WORK REQUIRED. What is needed is an exact repeat of the entries, with no pictures in it.

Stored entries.
>>>

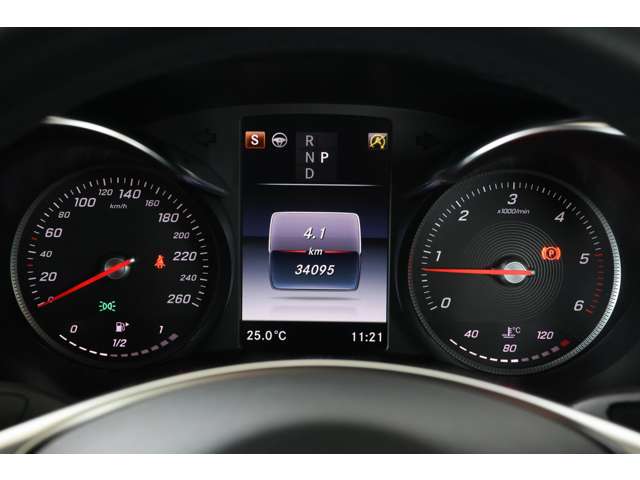 メルセデスベンツ ＧＬＣクーペ ２２０ Ｄ ４マチック スポーツ ４ＷＤ H30年 (近畿) 99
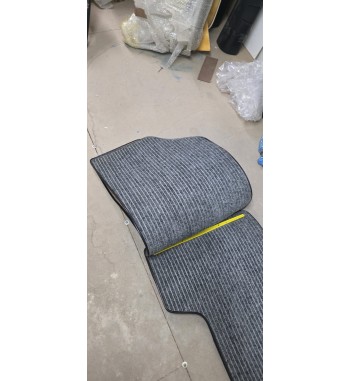 JUEGO ALFORMBRAS ORIGINALES MOQUETA RENAULT 14 NEGRO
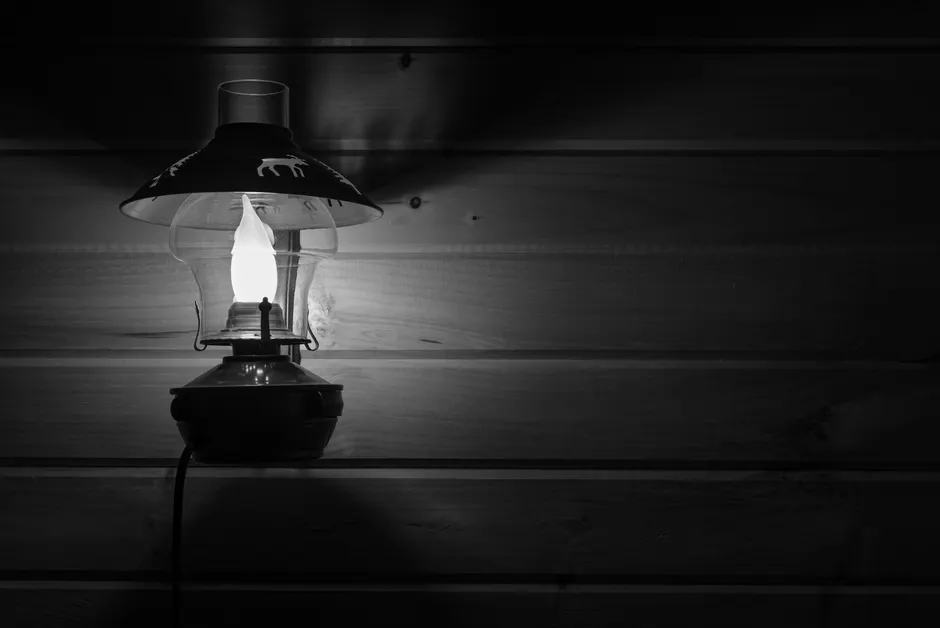 Detail Elearning Abendkurs Zuhause Mit Lampe Foto Number 17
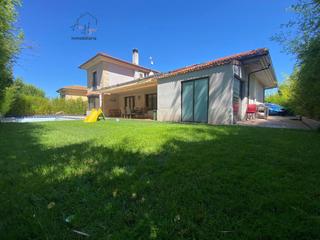 Chalet  Rio tormes. Chalet en venta en campo de golf, 4 dormitorios.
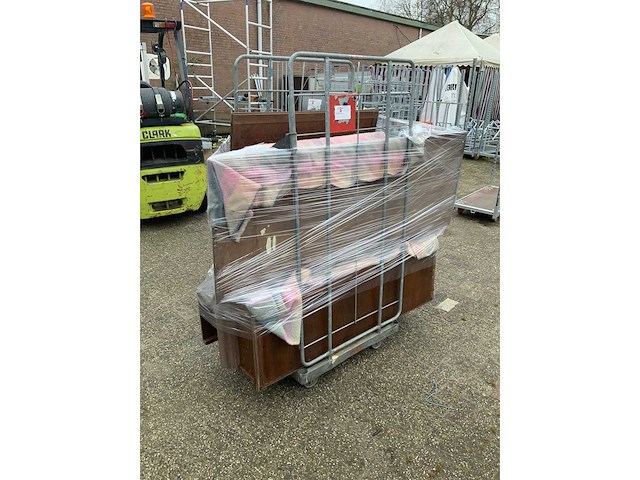 Antique linen cupboard - afbeelding 6 van  8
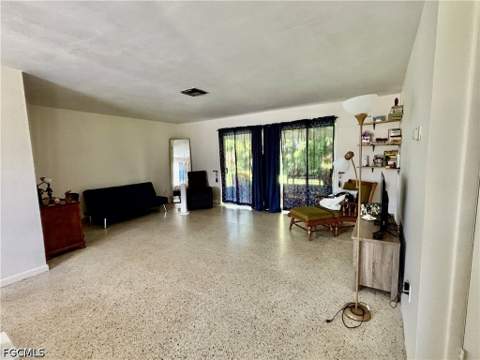 901 Juno Dr, Lehigh Acres FL - photo 11 of 30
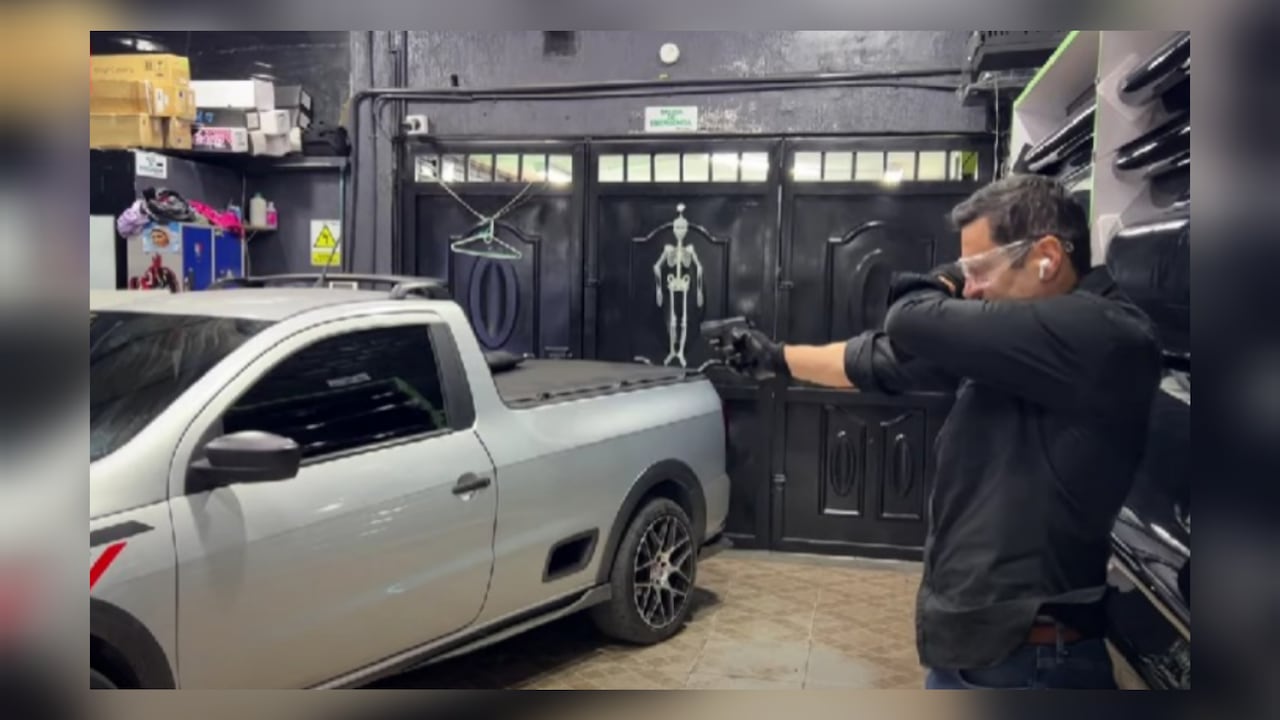 Juan Diego Alvira apuntando con una pistola traumática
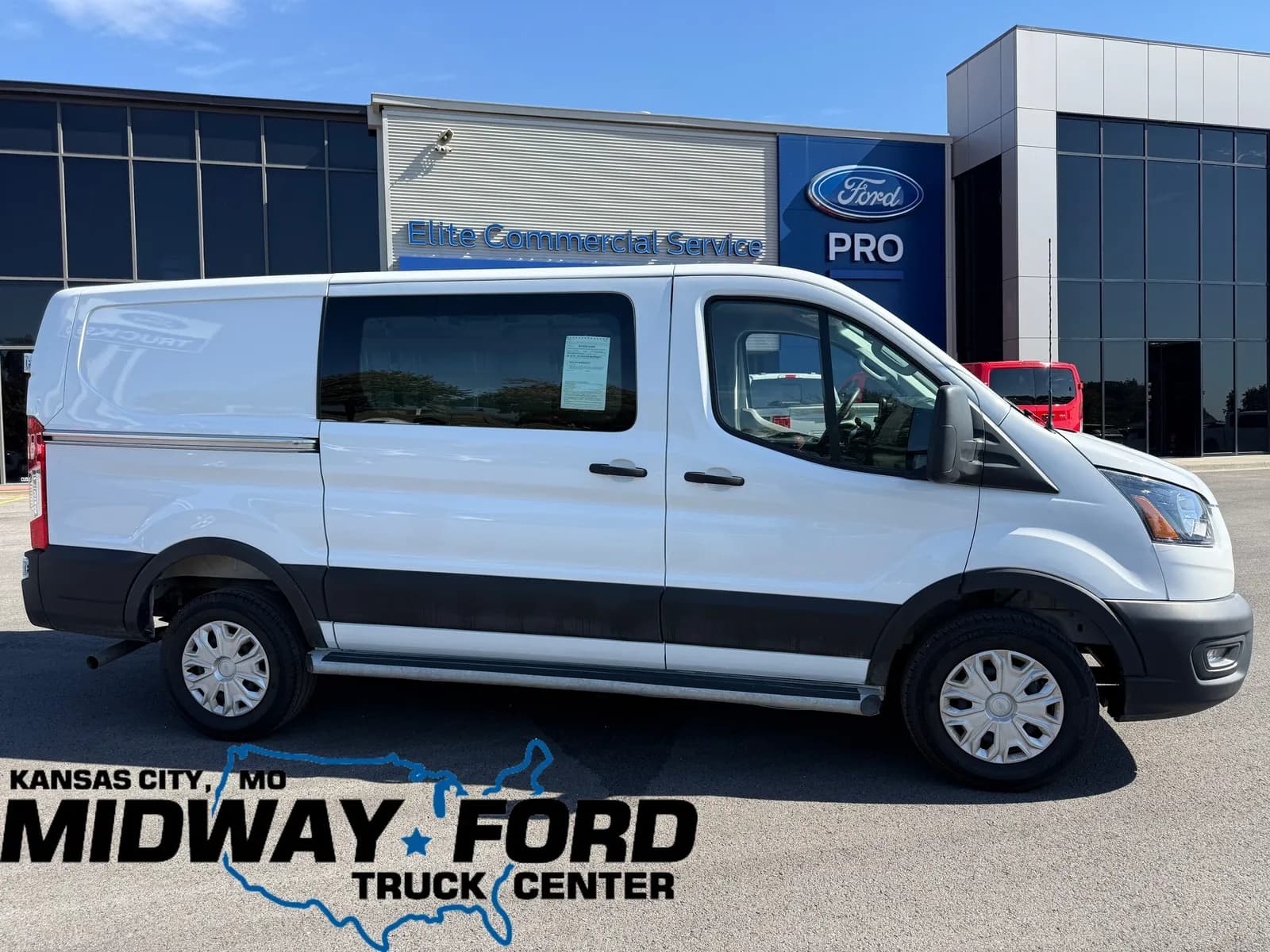 2025 Ford Transit-250 Cargo - Vans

<<<

SOLUTION TO THIS TASK.
 メルセデスベンツ ＧＬＣクーペ ２２０ Ｄ ４マチック スポーツ ４ＷＤ H30年 (近畿) 99
 JUEGO ALFORMBRAS ORIGINALES MOQUETA RENAULT 14 NEGRO
 Detail Elearning Abendkurs Zuhause Mit Lampe Foto Number 17
 Chalet  Rio tormes. Chalet en venta en campo de golf, 4 dormitorios.
 Antique linen cupboard - afbeelding 6 van  8
 901 Juno Dr, Lehigh Acres FL - photo 11 of 30
 Juan Diego Alvira apuntando con una pistola traumática
 2025 Ford Transit-250 Cargo - Vans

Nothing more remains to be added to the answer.